(Dataset excerpts)
»»

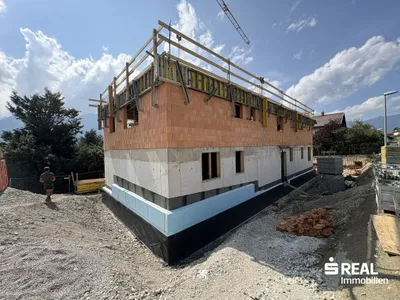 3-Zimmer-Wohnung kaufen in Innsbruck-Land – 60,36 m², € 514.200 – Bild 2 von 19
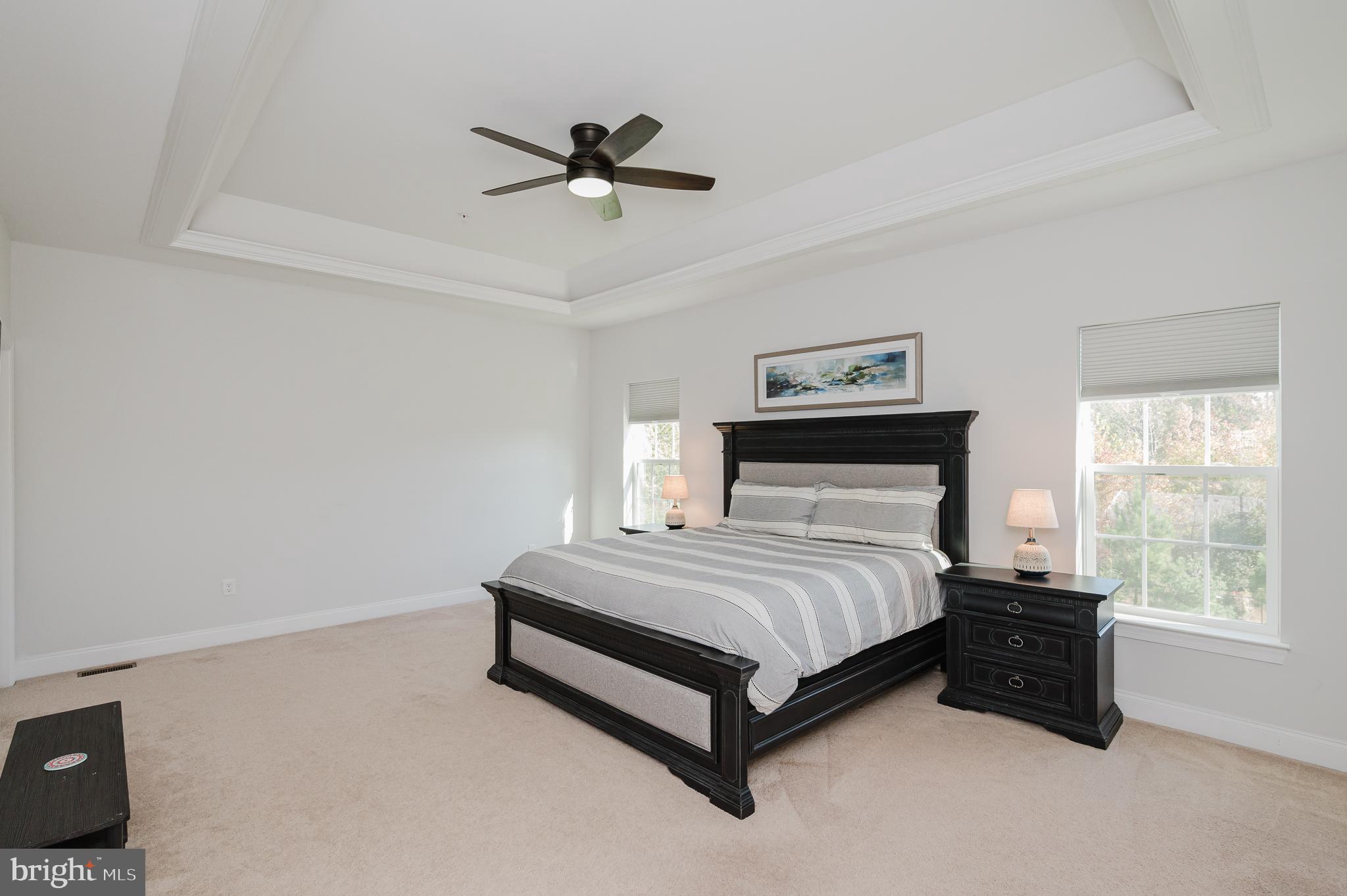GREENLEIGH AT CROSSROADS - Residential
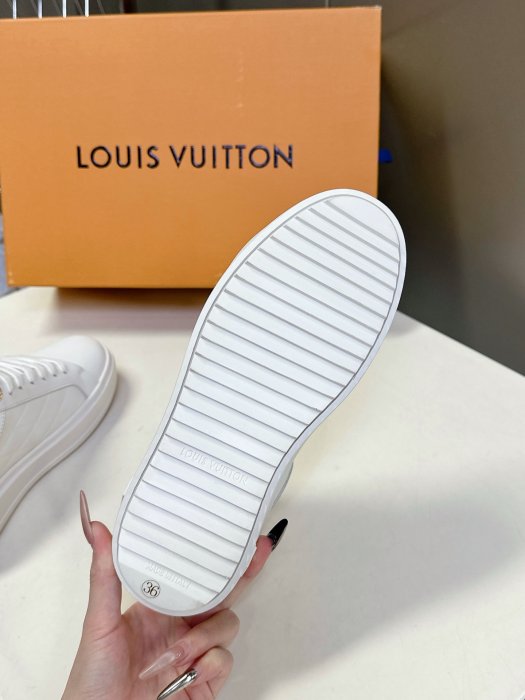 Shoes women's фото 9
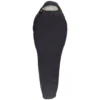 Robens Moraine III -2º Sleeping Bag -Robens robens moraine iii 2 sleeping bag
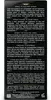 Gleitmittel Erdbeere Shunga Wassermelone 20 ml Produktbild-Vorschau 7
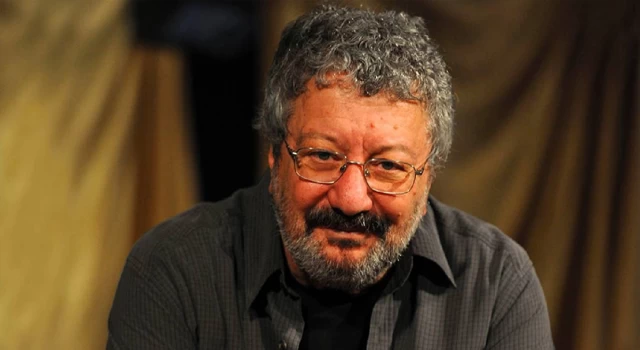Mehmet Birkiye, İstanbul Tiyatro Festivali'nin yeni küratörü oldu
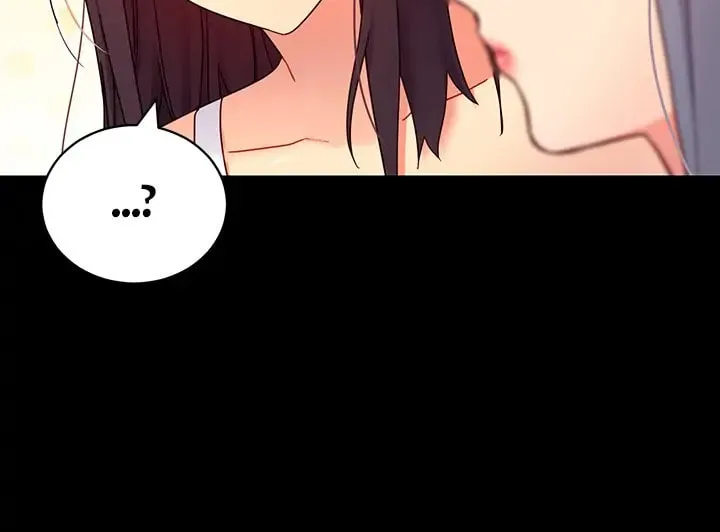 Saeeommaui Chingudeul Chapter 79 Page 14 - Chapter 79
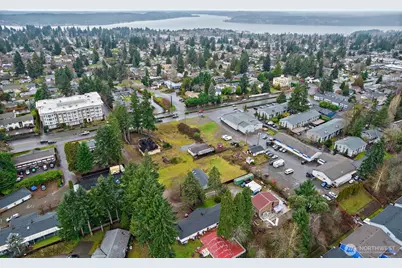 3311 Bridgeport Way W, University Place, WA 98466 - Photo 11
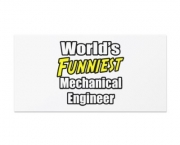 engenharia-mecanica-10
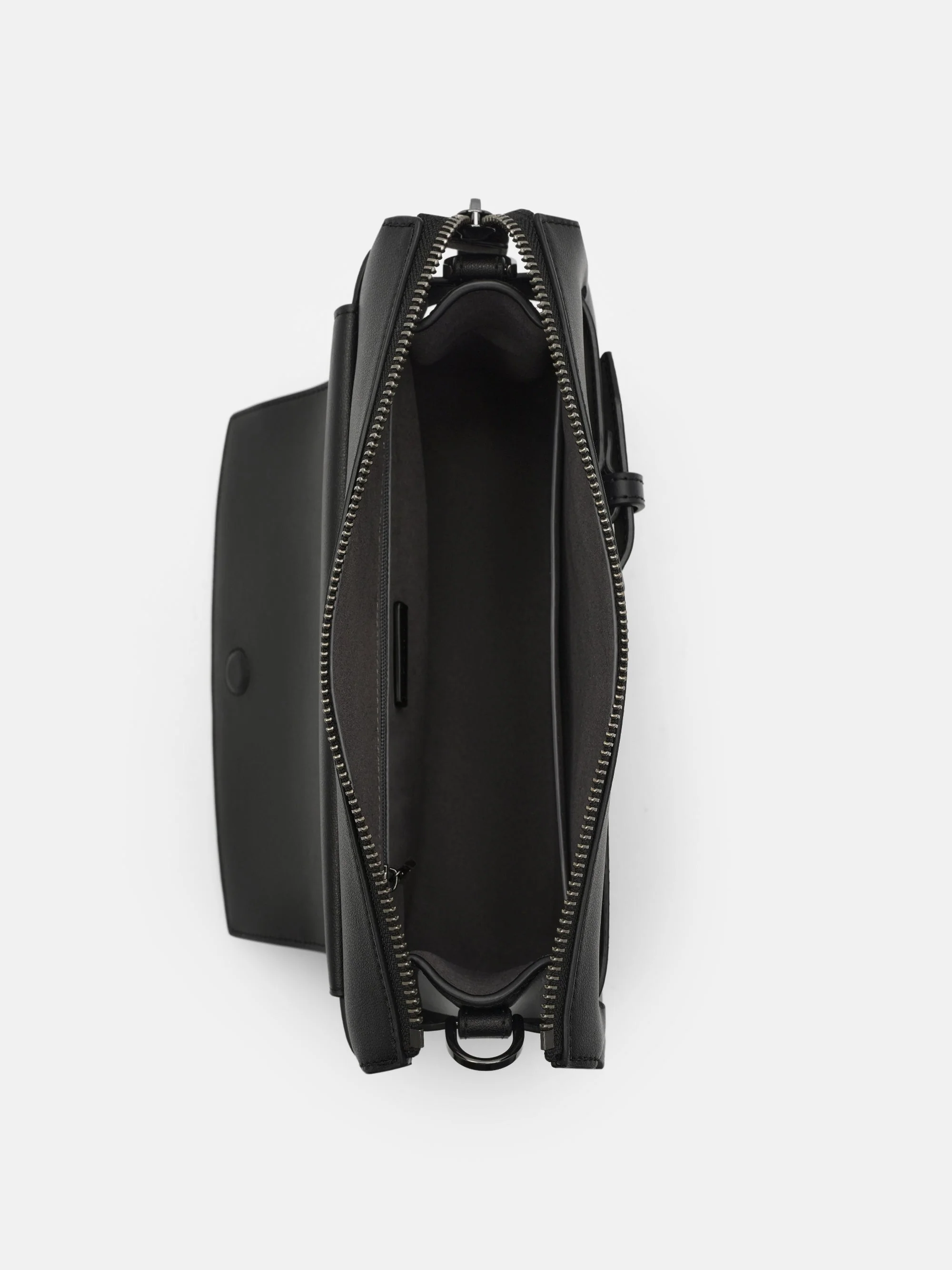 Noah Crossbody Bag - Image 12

««

> EXERCISE INSTRUCTIONS
For this exercise, return the records above in full and exactly, omitting the images.

> OUTPUT OF THE TASK
 3-Zimmer-Wohnung kaufen in Innsbruck-Land – 60,36 m², € 514.200 – Bild 2 von 19
GREENLEIGH AT CROSSROADS - Residential
 Shoes women's фото 9
 Robens Moraine III -2º Sleeping Bag -Robens robens moraine iii 2 sleeping bag
 Gleitmittel Erdbeere Shunga Wassermelone 20 ml Produktbild-Vorschau 7
Mehmet Birkiye, İstanbul Tiyatro Festivali'nin yeni küratörü oldu
 Saeeommaui Chingudeul Chapter 79 Page 14 - Chapter 79
 3311 Bridgeport Way W, University Place, WA 98466 - Photo 11
 engenharia-mecanica-10
 Noah Crossbody Bag - Image 12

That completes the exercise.